Input records START
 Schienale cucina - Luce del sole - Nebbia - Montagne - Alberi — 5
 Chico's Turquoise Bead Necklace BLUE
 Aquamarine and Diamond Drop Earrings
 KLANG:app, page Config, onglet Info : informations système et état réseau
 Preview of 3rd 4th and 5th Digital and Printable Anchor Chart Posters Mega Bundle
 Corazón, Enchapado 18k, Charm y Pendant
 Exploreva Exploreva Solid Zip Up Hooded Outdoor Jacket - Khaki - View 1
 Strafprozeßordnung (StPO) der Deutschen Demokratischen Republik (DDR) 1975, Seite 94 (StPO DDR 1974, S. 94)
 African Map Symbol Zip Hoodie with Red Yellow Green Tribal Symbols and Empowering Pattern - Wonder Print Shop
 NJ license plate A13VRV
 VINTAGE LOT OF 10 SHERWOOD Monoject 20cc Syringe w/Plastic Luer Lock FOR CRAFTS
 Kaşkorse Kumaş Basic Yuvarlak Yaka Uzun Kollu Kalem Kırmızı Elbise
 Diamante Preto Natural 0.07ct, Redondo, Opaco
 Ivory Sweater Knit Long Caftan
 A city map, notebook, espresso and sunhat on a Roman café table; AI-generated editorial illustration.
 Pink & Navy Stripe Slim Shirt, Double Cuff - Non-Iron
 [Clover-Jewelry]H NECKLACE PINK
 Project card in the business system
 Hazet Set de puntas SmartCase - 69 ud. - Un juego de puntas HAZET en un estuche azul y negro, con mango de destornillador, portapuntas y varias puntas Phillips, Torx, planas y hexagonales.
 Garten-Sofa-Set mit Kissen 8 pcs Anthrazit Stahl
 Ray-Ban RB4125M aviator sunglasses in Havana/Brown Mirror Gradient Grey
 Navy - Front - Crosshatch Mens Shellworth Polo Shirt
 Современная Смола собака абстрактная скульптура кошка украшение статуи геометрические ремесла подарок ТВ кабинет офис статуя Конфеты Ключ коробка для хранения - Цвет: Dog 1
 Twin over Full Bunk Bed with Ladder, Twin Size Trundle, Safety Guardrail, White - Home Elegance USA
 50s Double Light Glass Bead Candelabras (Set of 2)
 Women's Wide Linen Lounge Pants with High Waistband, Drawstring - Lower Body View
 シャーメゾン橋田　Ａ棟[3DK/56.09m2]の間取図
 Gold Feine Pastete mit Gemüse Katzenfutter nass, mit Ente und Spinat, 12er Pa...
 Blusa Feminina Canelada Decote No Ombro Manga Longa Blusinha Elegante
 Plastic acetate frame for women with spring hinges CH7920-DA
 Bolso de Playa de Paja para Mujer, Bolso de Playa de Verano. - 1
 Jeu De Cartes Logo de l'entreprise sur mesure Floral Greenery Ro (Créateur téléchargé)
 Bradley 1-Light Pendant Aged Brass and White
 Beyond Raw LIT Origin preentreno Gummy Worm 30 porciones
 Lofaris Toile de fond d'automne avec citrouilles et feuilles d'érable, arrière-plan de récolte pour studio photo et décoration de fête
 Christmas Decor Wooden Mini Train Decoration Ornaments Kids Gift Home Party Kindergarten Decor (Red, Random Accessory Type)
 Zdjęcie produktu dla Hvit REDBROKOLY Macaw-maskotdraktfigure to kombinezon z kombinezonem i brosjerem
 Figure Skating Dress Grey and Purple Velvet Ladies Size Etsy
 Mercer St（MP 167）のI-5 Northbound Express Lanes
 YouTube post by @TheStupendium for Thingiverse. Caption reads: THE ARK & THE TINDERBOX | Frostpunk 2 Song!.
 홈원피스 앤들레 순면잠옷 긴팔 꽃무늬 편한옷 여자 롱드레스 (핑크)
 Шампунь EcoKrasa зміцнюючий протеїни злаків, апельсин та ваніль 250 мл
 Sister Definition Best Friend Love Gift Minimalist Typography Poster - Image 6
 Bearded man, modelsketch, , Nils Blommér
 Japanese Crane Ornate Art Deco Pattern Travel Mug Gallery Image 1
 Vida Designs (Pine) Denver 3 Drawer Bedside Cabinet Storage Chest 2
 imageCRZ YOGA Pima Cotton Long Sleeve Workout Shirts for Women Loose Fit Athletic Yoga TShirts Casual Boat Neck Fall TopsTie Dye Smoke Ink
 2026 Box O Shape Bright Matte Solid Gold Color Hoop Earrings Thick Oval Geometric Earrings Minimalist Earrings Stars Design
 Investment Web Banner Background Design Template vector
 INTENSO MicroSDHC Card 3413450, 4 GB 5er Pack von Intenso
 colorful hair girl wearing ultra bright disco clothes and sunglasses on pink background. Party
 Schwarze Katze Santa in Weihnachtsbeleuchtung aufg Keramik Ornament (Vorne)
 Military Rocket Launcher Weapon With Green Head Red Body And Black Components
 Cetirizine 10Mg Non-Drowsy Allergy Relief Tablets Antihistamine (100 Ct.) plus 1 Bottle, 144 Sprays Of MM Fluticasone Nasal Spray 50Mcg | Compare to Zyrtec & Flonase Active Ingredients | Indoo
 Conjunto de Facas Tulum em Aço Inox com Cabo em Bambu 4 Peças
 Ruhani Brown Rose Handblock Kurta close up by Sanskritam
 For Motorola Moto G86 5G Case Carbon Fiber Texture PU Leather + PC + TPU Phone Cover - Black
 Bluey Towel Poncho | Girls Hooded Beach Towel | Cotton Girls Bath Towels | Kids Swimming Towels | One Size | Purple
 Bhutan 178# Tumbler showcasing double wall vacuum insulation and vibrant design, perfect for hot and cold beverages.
Input records END
* **Task requirements**: Copy each line above that contains the string "Pattern".

* **Result**:
 African Map Symbol Zip Hoodie with Red Yellow Green Tribal Symbols and Empowering Pattern - Wonder Print Shop
 Japanese Crane Ornate Art Deco Pattern Travel Mug Gallery Image 1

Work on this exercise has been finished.